What’s the point? Jesus is calling you and I to enter into students’ lives, live incarnationally among them, and embrace the inherent danger that brings. Jesus isn’t calling you to do anything stupid or to break the law. But he often calls us to do things others consider stupid, unsafe even.
Youth ministry is dangerous. It will bring you into temptation. It’ll bring you face to face with your deepest fears and greatest annoyances. It’ll cause you to create policies and break them at the same time. Chances are, as you engage with students online, you’ll see all of that and a whole lot more.
I remember several years ago, when Xanga was hot, stumbling around and finding most of my students’ blogs. I was shocked by what I read. Many of them shared intimate details of their lives they’d never shared with an adult in our ministry. Fears, doubts, experiments, dirty deeds, the whole enchilada. That knowledge forced me to consider my response. Since I had crossed the line and found them in space they presumed to be private, what was I going to do about it?
In the end I decided not to broach the subjects, either directly with them or indirectly through my choice of teaching topics. To have done so would’ve revealed that I had violated their privacy. Sure, they hadn’t password-protected those things to keep me out. It wasn’t as though I had done much more than surf around to a few links. But I didn’t go there because I hadn’t been invited either.
Invitation is the dividing line in my eyes. I think that, as we engage with our students through social media, it has to be about permission. I know many of them say things in Facebook messages or chat that aren’t honoring to God. I know many of them have secret Tumblr accounts and private circles on Twitter and/or Google Plus. But I don’t want to force myself there without permission. I don’t think my role as a youth worker should come with expectations that I’m an FBI agent, cracking into their private spaces to discover what they really think.
That’s my advice. Don’t go sneaking around where you haven’t been invited. Instead, live before your students with open arms and invitation to deeper and deeper levels of intimate, incarnational discipleship.
The second question is about your own disclosure. Should you encourage students to friend you on Facebook, follow you on Twitter, read your blog, or add you on Google Plus?
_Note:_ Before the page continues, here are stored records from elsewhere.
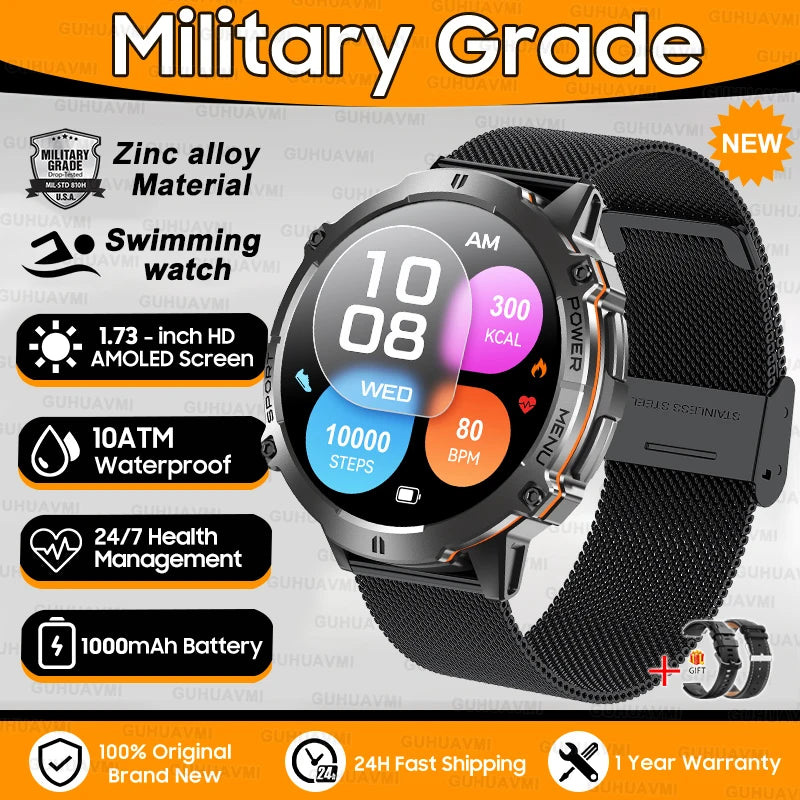 Outdoor Military Smartwatch — 1.73 AMOLED 10 ATM 1000 mAh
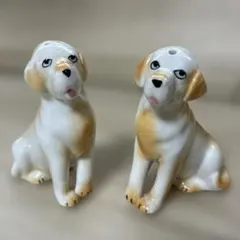 陶器製犬の塩胡椒さし　調味料さし　置物　インテリア　2個セット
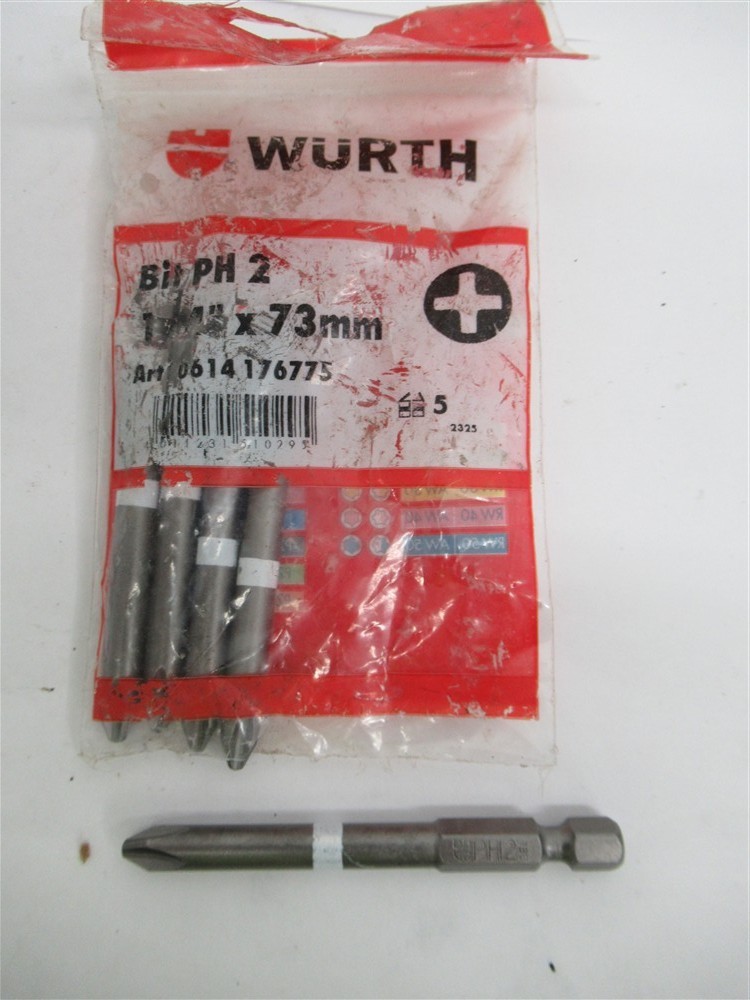 Wurth PH2 x 2-3/4" Phillips Insert Bit, 1/4" Hex, 5 Pack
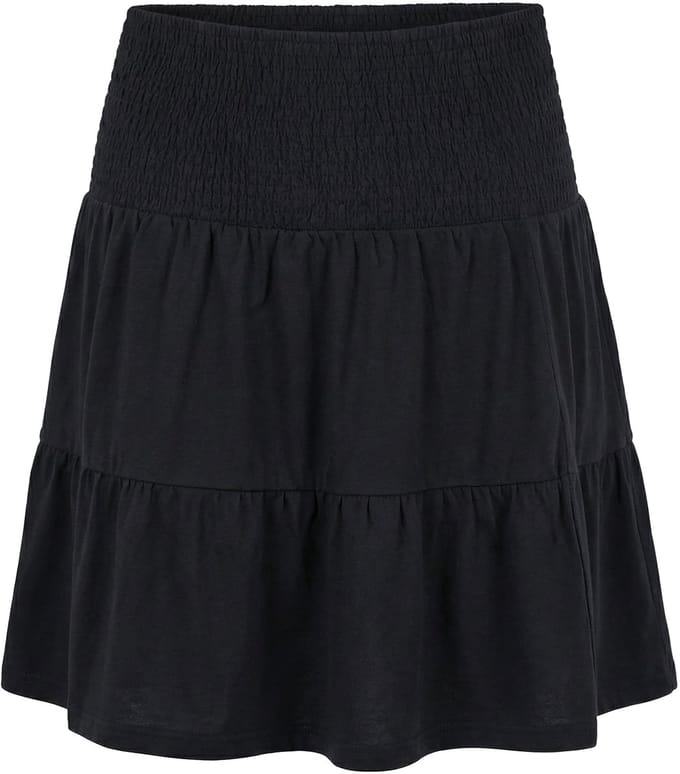MIAMODA - Dames - Jersey rok A-lijn brede gerimpelde tailleband - Zwart - Maat 52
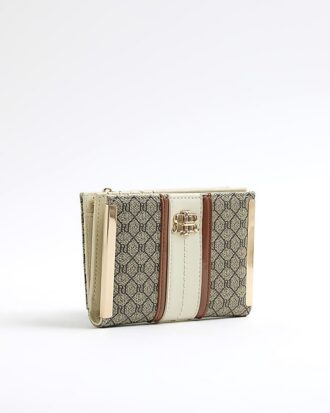 Beige plånbok med paneler och monogram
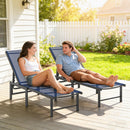 Outsunny Sun Loungers Set of 2, 5-Level Reclining Sunbeds, Dark Blue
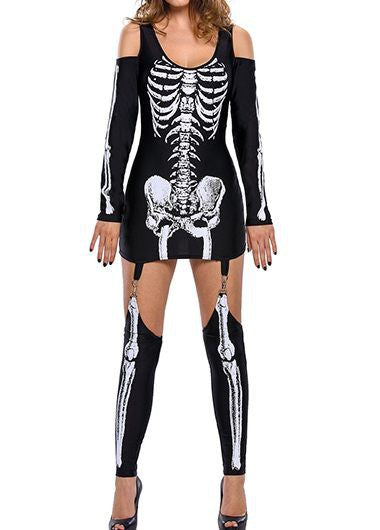 Skeleton Skeleton Printed Sexy Off-the-Shoulder Halloween Costume - Black, Multiple Sizes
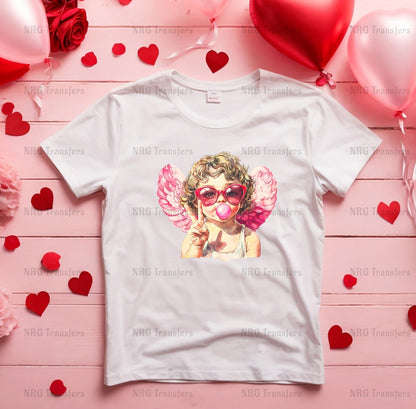 a t - shirt with a picture of a woman wearing sunglasses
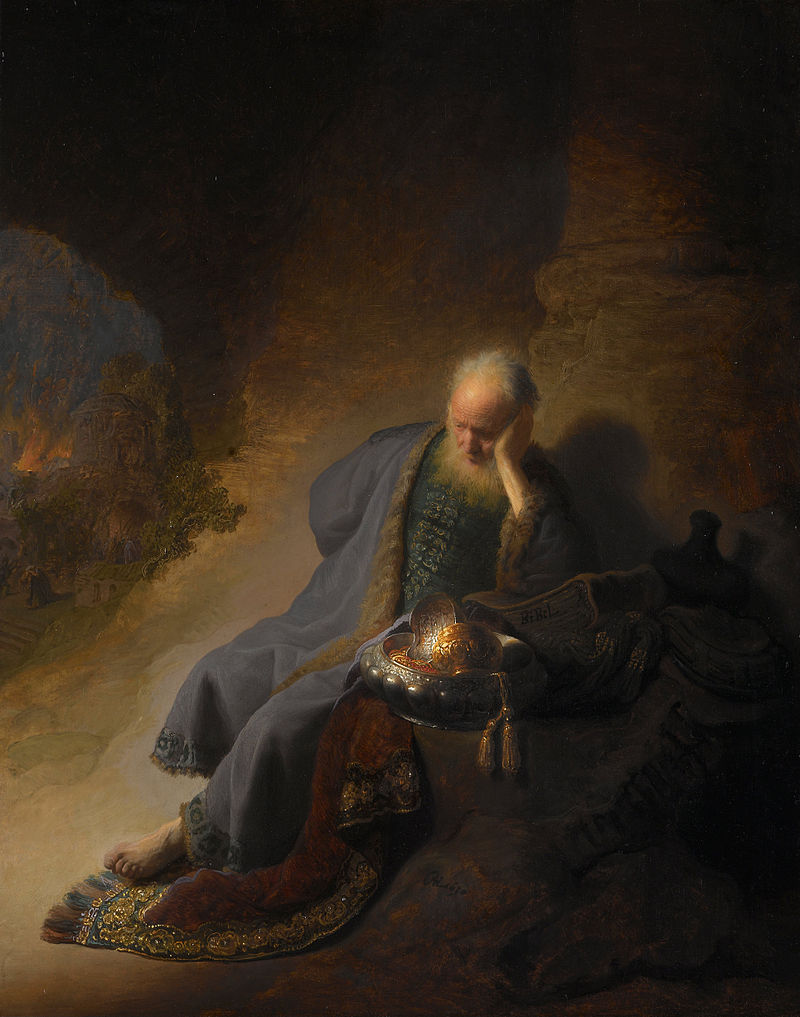 Jeremiah laments - Rembrandt van Rijn, Jeremiah Lamenting the Destruction of Jerusalem (c. 1630)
First, I think your church leadership should wrestle through this question together. I know it sounds lame to think about drafting a policy, but there are both philosophy of ministry and legitimate liability concerns to think through. Most school districts do not allow teachers to socialize with students on Facebook. There is good logic there that is worth wrestling through as a staff. Whatever the policy is, it’ll take the staff team policing one another to enforce it.
Second, I think that when you do engage your students, you should do it through a ministry account and not your personal account. For instance, it’d be a good idea to create a Facebook page for your ministry or church and then interact with your students by using Facebook as a page. It’s a nuanced difference but an important one. It puts you in a position where you are obviously an agent of the ministry instead of the individual person. Because, at the end of the day, that is your role. Just like you attend a Friday night football game as a representative from the high school ministry, you engage with students online as a representative of a ministry.